Hate crimes against transgender people in London have increased by a quarter since last year, with 135 offences recorded up until October 2015, compared with 108 in 2014, according to figures just published by the Metropolitan Police.
The cultural visibility of transgender people is perhaps greater than ever before, with a growing number of trans celebrities such as Caitlyn Jenner, Janet Mock and Laverne Cox becoming household names, as well as characters in popular shows such as Transparent and films like Tangerine, and fashion industry faces like Hari Nef and Andreja Pejic. However this visibility does not appear to have translated into a wider acceptance in London, as the growing hate crime figures show.
The true figure could be even higher than those published by the Met according to London-based LGBT charity Galop. “The figures that are being reported in London in a year, we have clients that experience that themselves in a year,” Melanie Stray from Galop told the BBC, adding that she thinks some offences have become such an everyday occurrence for people in the trans community that they, “couldn’t report all of it because they’d spend their lives speaking to the police”.

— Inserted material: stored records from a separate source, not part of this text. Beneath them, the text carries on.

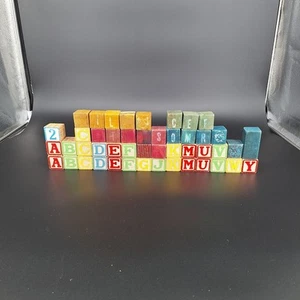 Vtg Wood ABC Blocks Lot of 26 & Vtg Wood Block Mixed Assortment Lot of 21 - Picture 1 of 3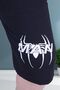 Spiderman Text Printed Wide Leg Cord Detailed Boys' Black Capri - 6
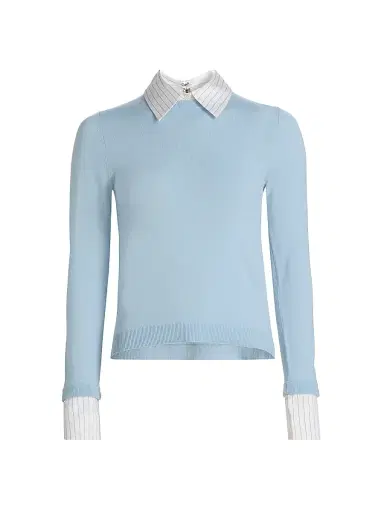 ALICE + OLIVIA Women's Porla Stretch Wool Collared Sweater - Carolina Blue | Thumbnail 1 ALICE + OLIVIA Women's Porla Stretch Wool Collared Sweater - Carolina Blue | Thumbnail 1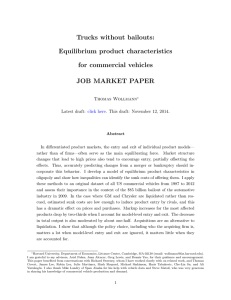Trucks without bailouts: Equilibrium product characteristics for commercial vehicles JOB MARKET PAPER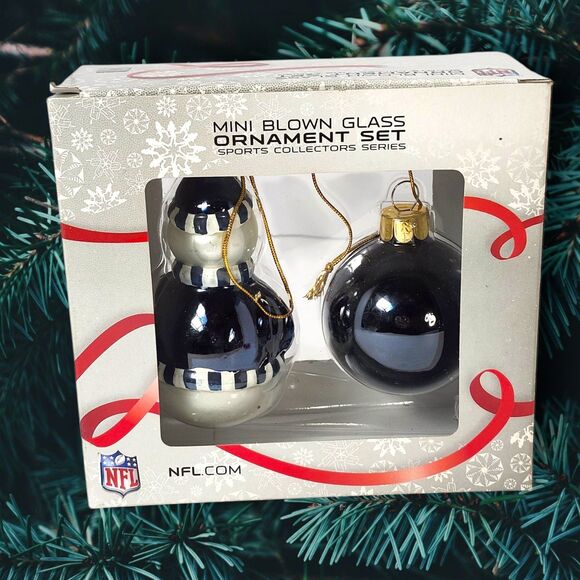Seattle Seahawks NFL Mini Blown Glass Ornament Set Snowman & Ball by Topperscot - Picture 2 of 5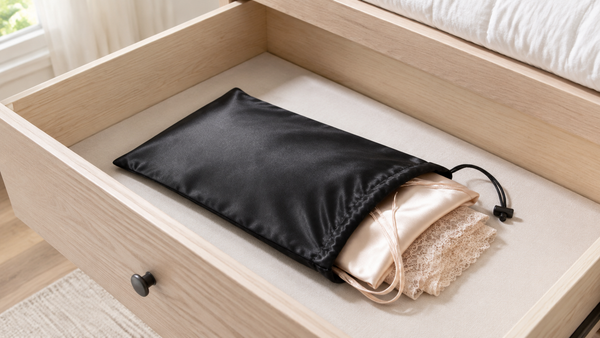 Open black satin drawstring bag holding folded champagne-coloured satin and lace lingerie in a light wooden drawer.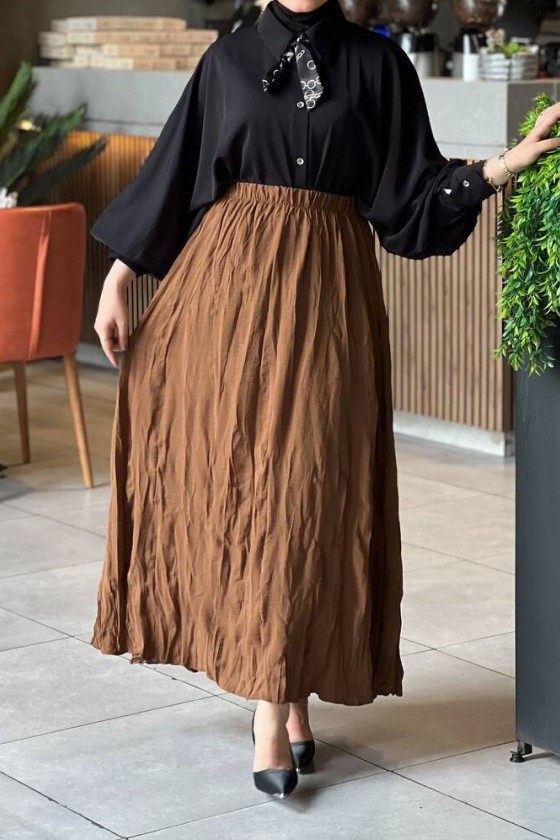 7757 - Kırışık Tesettür Etek Kahverengi̇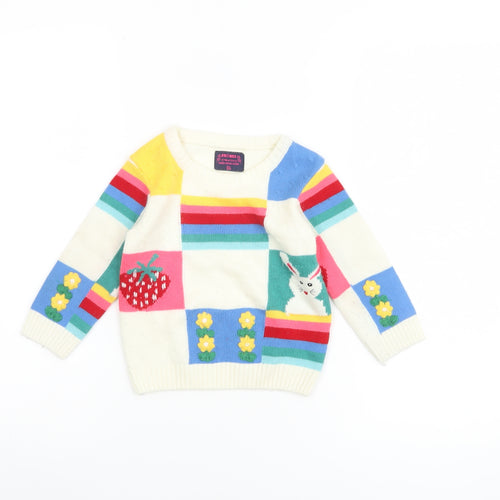 Frendz Unisex Baby Multicoloured Knit Pullover Jumper 12-18 Months Bunny Strawberry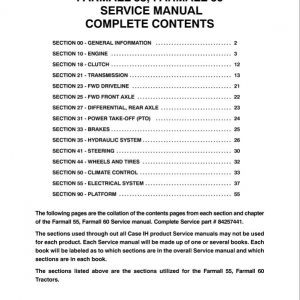 Case Farmall 55, 60 Tractor Service Manual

That said, Commander Mark Chishty from the Metropolitan Police appealed for victims of trans hate crimes to contact the police in every instance, telling the BBC, “However mundane you think it is, it’s very serious to us. It’s important that we tackle this so we start curbing this type of behaviour within society — it’s not tolerable, it’s not part of our values and we want to deal with it”. The Met recently formed a “hate crime senior partnership group” between police and community representatives that works alongside special LGBT Liaison Officers.